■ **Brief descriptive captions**
= = = = = = =
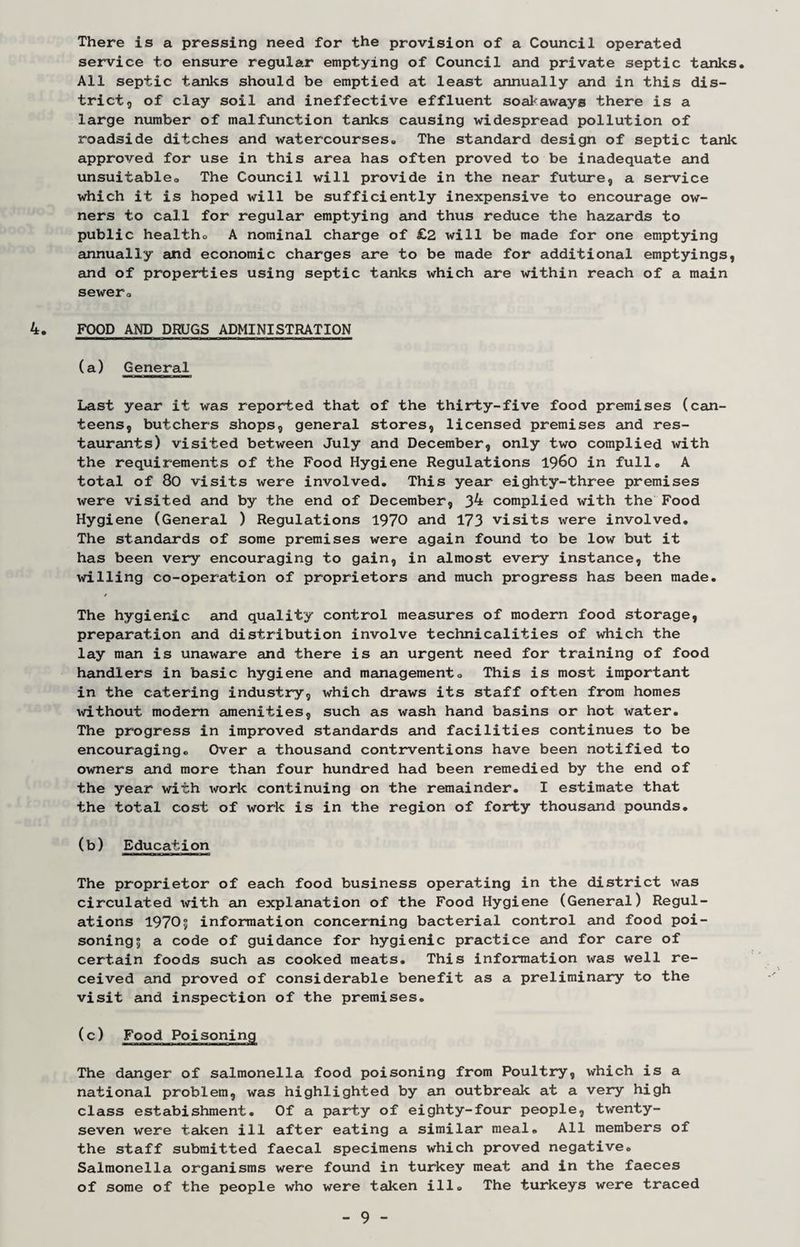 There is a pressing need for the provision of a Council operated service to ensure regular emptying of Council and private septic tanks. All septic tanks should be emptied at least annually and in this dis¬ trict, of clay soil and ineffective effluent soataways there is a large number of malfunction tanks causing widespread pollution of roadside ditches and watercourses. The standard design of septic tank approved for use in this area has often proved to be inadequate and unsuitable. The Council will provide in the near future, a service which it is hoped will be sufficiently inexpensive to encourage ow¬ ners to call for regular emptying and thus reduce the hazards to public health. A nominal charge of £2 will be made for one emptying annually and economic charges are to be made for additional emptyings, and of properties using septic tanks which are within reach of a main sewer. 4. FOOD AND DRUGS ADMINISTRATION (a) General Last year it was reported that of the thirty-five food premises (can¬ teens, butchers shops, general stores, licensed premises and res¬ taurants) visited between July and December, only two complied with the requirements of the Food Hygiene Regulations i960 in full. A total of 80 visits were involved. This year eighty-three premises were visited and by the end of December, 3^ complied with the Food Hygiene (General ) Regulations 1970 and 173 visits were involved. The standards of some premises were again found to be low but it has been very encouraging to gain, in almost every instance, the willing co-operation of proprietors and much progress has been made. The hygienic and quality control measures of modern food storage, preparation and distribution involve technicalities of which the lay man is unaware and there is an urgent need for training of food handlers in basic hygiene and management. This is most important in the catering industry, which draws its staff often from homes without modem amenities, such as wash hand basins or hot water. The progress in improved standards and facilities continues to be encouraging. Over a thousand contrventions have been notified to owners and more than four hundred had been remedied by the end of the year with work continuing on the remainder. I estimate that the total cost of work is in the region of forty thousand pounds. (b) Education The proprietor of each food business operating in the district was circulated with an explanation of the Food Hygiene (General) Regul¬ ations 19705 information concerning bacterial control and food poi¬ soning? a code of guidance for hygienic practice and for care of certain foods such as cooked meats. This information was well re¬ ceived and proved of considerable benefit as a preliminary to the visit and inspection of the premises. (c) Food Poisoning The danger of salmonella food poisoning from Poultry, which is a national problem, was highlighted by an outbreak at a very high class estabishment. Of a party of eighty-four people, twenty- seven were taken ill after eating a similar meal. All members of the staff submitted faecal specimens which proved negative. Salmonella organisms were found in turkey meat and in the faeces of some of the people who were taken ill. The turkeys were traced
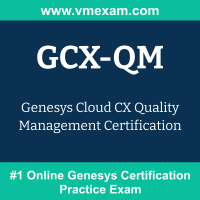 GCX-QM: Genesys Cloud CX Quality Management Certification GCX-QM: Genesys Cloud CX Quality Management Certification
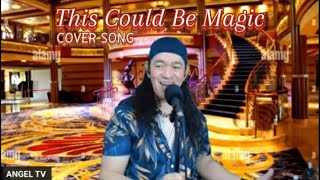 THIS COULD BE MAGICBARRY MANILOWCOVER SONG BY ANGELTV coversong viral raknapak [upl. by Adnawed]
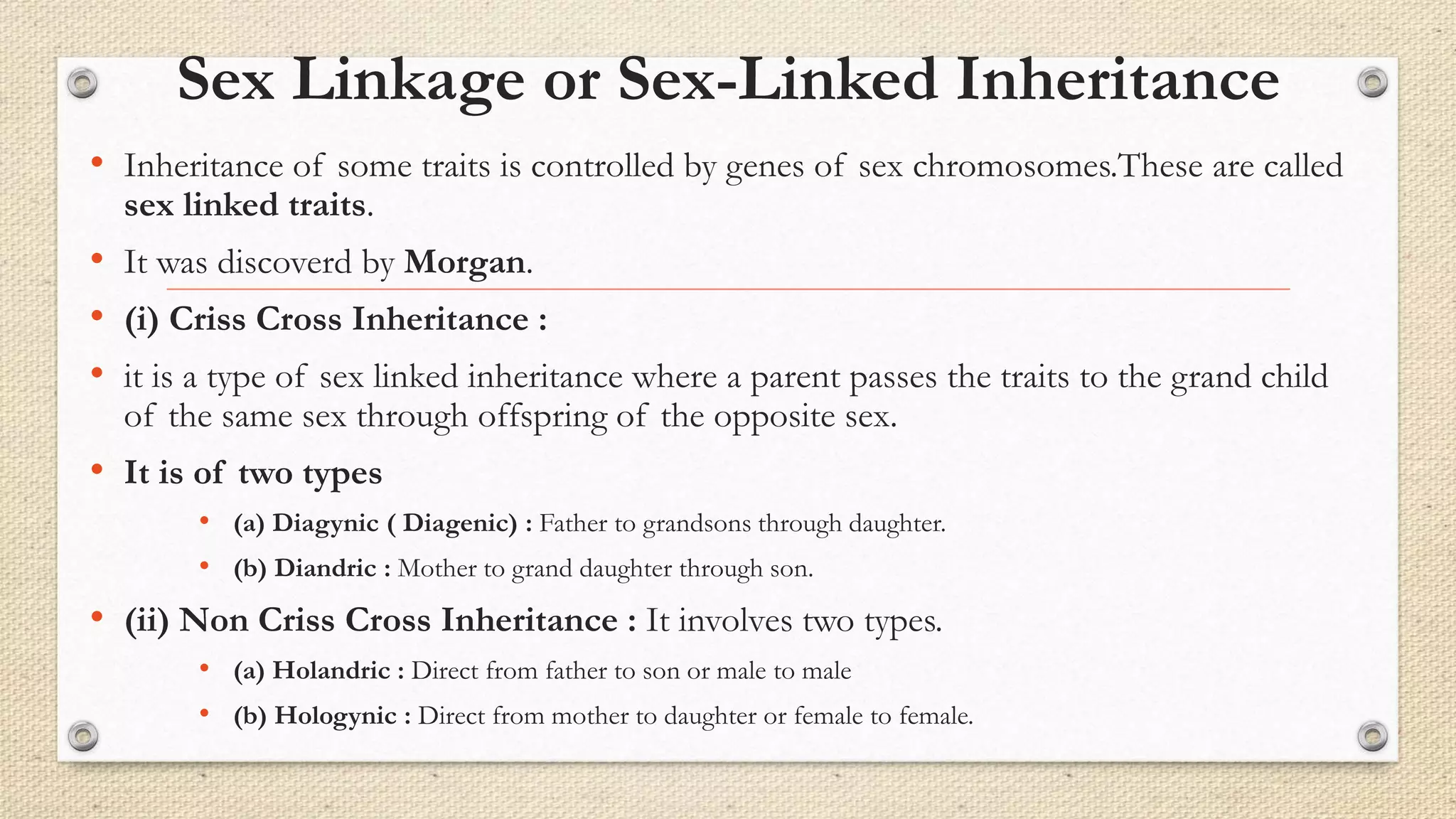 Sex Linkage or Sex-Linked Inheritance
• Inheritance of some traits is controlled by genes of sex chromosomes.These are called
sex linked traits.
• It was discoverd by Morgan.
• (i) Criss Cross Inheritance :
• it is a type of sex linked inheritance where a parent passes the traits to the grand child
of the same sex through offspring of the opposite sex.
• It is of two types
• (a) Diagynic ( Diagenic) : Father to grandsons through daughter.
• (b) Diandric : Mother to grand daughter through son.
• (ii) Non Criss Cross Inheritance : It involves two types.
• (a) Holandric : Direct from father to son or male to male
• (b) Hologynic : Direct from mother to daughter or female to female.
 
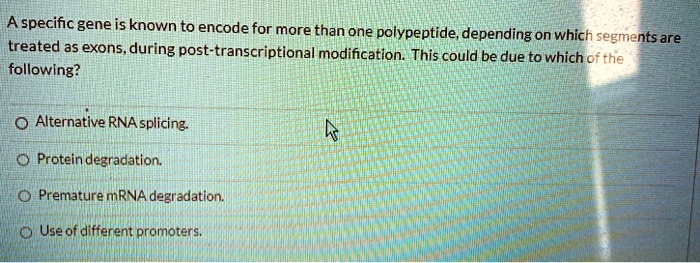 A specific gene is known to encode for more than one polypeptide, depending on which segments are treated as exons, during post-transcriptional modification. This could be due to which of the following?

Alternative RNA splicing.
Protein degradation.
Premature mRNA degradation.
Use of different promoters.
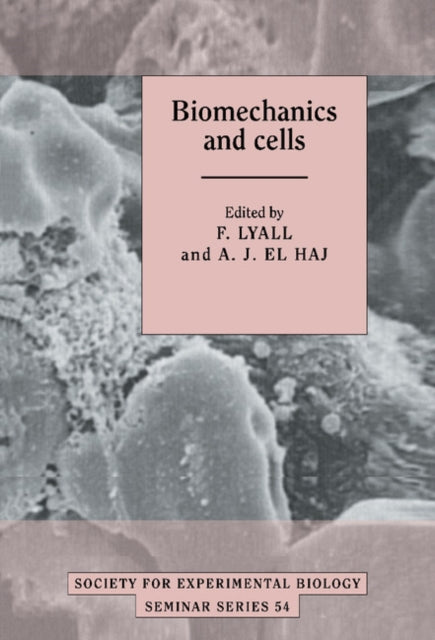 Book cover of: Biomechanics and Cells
= = = = = = =
■ **PROBLEM**
Copy every line of the records exactly as it is written, but not the pictures.

■ **ANSWER SECTION**
 There is a pressing need for the provision of a Council operated service to ensure regular emptying of Council and private septic tanks. All septic tanks should be emptied at least annually and in this dis¬ trict, of clay soil and ineffective effluent soataways there is a large number of malfunction tanks causing widespread pollution of roadside ditches and watercourses. The standard design of septic tank approved for use in this area has often proved to be inadequate and unsuitable. The Council will provide in the near future, a service which it is hoped will be sufficiently inexpensive to encourage ow¬ ners to call for regular emptying and thus reduce the hazards to public health. A nominal charge of £2 will be made for one emptying annually and economic charges are to be made for additional emptyings, and of properties using septic tanks which are within reach of a main sewer. 4. FOOD AND DRUGS ADMINISTRATION (a) General Last year it was reported that of the thirty-five food premises (can¬ teens, butchers shops, general stores, licensed premises and res¬ taurants) visited between July and December, only two complied with the requirements of the Food Hygiene Regulations i960 in full. A total of 80 visits were involved. This year eighty-three premises were visited and by the end of December, 3^ complied with the Food Hygiene (General ) Regulations 1970 and 173 visits were involved. The standards of some premises were again found to be low but it has been very encouraging to gain, in almost every instance, the willing co-operation of proprietors and much progress has been made. The hygienic and quality control measures of modern food storage, preparation and distribution involve technicalities of which the lay man is unaware and there is an urgent need for training of food handlers in basic hygiene and management. This is most important in the catering industry, which draws its staff often from homes without modem amenities, such as wash hand basins or hot water. The progress in improved standards and facilities continues to be encouraging. Over a thousand contrventions have been notified to owners and more than four hundred had been remedied by the end of the year with work continuing on the remainder. I estimate that the total cost of work is in the region of forty thousand pounds. (b) Education The proprietor of each food business operating in the district was circulated with an explanation of the Food Hygiene (General) Regul¬ ations 19705 information concerning bacterial control and food poi¬ soning? a code of guidance for hygienic practice and for care of certain foods such as cooked meats. This information was well re¬ ceived and proved of considerable benefit as a preliminary to the visit and inspection of the premises. (c) Food Poisoning The danger of salmonella food poisoning from Poultry, which is a national problem, was highlighted by an outbreak at a very high class estabishment. Of a party of eighty-four people, twenty- seven were taken ill after eating a similar meal. All members of the staff submitted faecal specimens which proved negative. Salmonella organisms were found in turkey meat and in the faeces of some of the people who were taken ill. The turkeys were traced
 GCX-QM: Genesys Cloud CX Quality Management Certification GCX-QM: Genesys Cloud CX Quality Management Certification
 THIS COULD BE MAGICBARRY MANILOWCOVER SONG BY ANGELTV coversong viral raknapak [upl. by Adnawed]
 Sex Linkage or Sex-Linked Inheritance
• Inheritance of some traits is controlled by genes of sex chromosomes.These are called
sex linked traits.
• It was discoverd by Morgan.
• (i) Criss Cross Inheritance :
• it is a type of sex linked inheritance where a parent passes the traits to the grand child
of the same sex through offspring of the opposite sex.
• It is of two types
• (a) Diagynic ( Diagenic) : Father to grandsons through daughter.
• (b) Diandric : Mother to grand daughter through son.
• (ii) Non Criss Cross Inheritance : It involves two types.
• (a) Holandric : Direct from father to son or male to male
• (b) Hologynic : Direct from mother to daughter or female to female.
 
 A specific gene is known to encode for more than one polypeptide, depending on which segments are treated as exons, during post-transcriptional modification. This could be due to which of the following?

Alternative RNA splicing.
Protein degradation.
Premature mRNA degradation.
Use of different promoters.
 Book cover of: Biomechanics and Cells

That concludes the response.